Inari Listenmaa

Logo

CV · Blog · GitHub

15 February 2021

GF Resource Grammar Library: Core, API and Extensions

The Resource Grammar Library (RGL) is the standard library of GF. In this post, we explore the API and the internals of the RGL, as well as the parts of the RGL that are not in the API.

Prerequisites

To appreciate this post, you should understand what this line means.

mkCl (mkNP the_Det cat_N) sleep_V

After reading this post, you will (hopefully) also understand where this tree came from,

PredVP
  (DetCN (DetQuant DefArt NumSg) (UseN cat_N))
  (UseV sleep_V)

and how it is related to the first line. In addition, you’ll know about the parts of the RGL that are not accessible via the API.

If you already understand both well, you can jump straight to RGL funs and lins outside the API.

If you don’t understand yet the mkCl …, I recommend that you read the GF tutorial all the way to Lesson 4, until you reach the section on functors. You can stop when you see the word functor and return to this post.

Table of Contents

Using the RGL (API) in an application grammar

This is how we learn to use the RGL: open the API modules SyntaxXxx or ParadigmsXxx in our application grammar.

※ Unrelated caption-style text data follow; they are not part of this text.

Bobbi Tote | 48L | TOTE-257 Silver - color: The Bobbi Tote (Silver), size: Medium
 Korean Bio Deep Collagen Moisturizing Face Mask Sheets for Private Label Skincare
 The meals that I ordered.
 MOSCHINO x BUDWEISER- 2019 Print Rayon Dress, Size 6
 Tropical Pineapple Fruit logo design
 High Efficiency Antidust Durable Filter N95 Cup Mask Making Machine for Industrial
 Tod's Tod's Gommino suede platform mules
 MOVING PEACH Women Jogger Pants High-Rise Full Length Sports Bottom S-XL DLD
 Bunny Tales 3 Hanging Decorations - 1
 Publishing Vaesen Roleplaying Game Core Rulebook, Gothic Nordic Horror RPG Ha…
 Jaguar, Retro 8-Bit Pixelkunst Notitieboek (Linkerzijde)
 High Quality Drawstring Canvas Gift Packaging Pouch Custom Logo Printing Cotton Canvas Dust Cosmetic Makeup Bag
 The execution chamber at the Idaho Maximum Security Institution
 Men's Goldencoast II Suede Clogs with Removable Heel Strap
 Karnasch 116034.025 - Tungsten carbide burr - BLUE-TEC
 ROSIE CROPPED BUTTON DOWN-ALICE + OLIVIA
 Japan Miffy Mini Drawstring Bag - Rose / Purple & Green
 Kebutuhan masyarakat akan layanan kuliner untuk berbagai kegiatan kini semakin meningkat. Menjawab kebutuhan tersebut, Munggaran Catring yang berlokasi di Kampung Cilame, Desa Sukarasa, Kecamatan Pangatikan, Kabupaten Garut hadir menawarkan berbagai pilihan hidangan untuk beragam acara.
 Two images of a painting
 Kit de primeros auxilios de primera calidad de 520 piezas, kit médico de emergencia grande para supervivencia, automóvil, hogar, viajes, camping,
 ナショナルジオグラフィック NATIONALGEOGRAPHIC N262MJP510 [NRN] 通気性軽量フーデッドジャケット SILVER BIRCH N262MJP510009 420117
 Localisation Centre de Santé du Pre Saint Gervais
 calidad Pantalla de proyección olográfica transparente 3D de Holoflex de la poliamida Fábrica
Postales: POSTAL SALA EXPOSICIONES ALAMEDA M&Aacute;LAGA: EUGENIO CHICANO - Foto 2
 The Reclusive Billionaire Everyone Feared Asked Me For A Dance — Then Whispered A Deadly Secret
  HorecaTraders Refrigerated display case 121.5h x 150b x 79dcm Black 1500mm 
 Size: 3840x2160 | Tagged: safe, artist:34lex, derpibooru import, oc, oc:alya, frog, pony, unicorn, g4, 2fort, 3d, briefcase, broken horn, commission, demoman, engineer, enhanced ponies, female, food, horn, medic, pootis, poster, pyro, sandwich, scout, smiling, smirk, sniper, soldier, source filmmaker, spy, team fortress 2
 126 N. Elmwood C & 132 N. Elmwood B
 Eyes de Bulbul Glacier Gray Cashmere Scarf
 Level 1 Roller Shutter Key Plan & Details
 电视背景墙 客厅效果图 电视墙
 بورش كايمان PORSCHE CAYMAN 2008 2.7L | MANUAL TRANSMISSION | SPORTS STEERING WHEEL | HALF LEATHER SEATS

A minimal example:

abstract Example = {
  cat
    Phrase ;
  fun
    example1_Phrase : Phrase ;
    example2_Phrase : Phrase ;
}

Let’s do an English concrete for this grammar.

concrete ExampleEng of Example = open SyntaxEng,
                                      LexiconEng,
                                      ParadigmsEng in {
  lincat
    Phrase = Utt ; -- category Utt comes from SyntaxEng
  lin
    example1_Phrase =
      mkUtt            -- mkUtt, mkNP and
        (mkNP this_Det  -- this_Det come from SyntaxEng
              dog_N    -- dog_N comes from LexiconEng
        ) ;

   example2_Phrase =
      mkUtt
        (mkNP many_Det
              (mkN     -- mkN comes from ParadigmsEng
                "aardvark")
        ) ;

}

I trust that you have seen, and probably used, something like this before. And you should know how to make this example multilingual: just look up the base form of the word “aardvark” in a dictionary, and change the string Eng to Ita, and you have an Italian concrete syntax.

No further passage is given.